■ The problem: Transcribe every line below exactly; no image goes into the output.

■ Information provided:
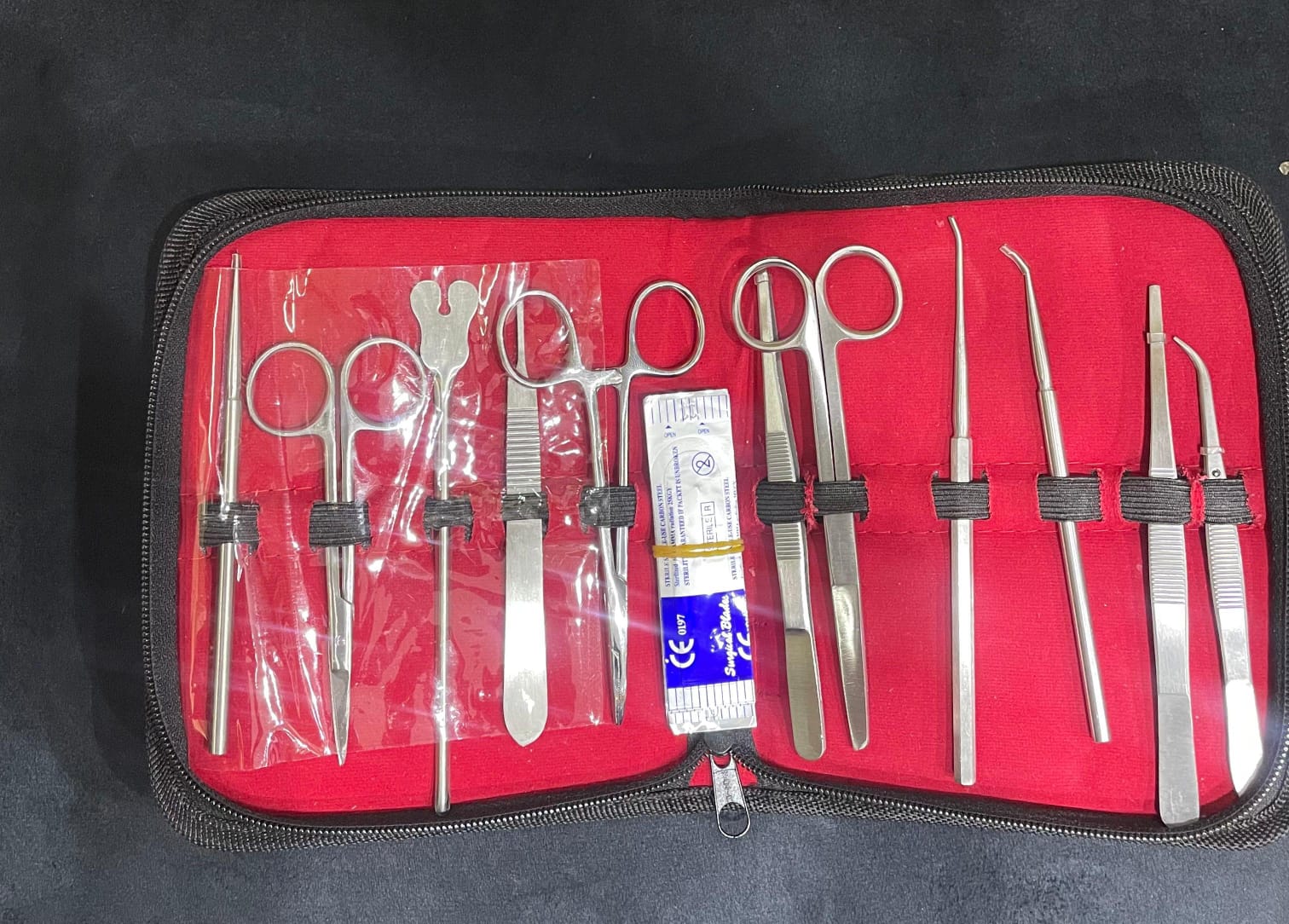 Dissection kit
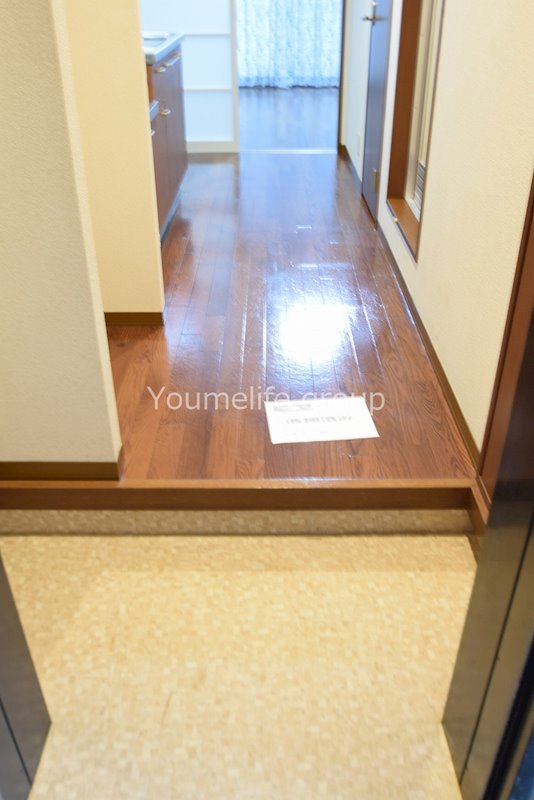 アルファコート鵠沼 玄関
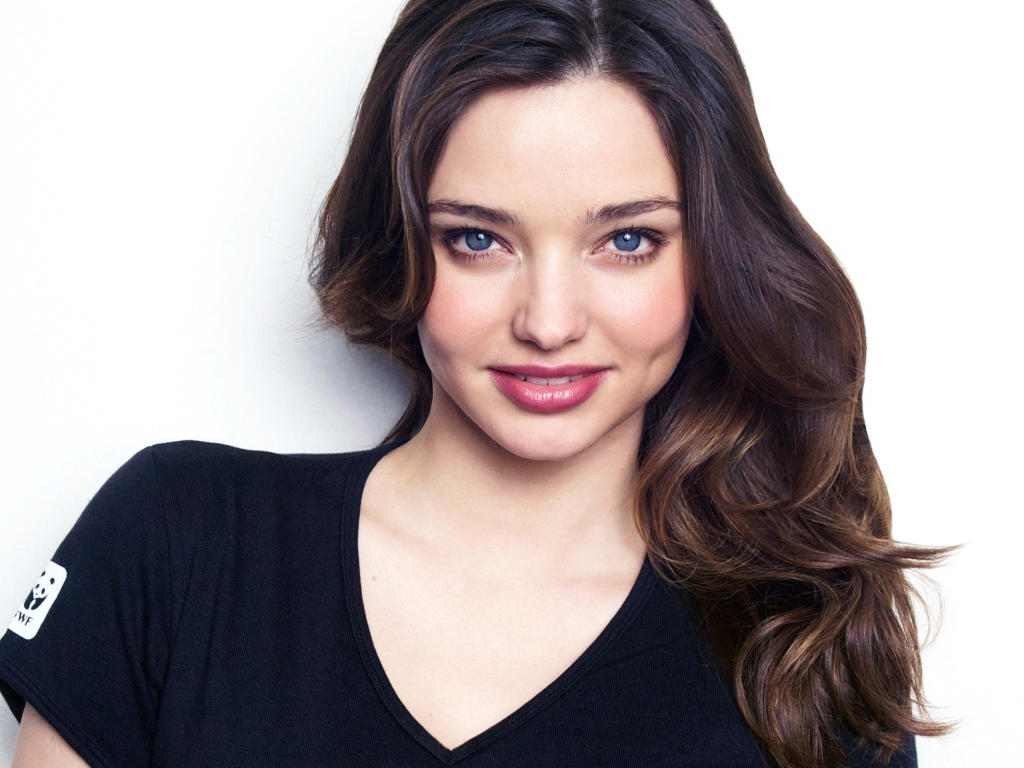 Модель с длинными волосами Миранда Керр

■ Solution to this problem:
 Dissection kit
 アルファコート鵠沼 玄関
 Модель с длинными волосами Миранда Керр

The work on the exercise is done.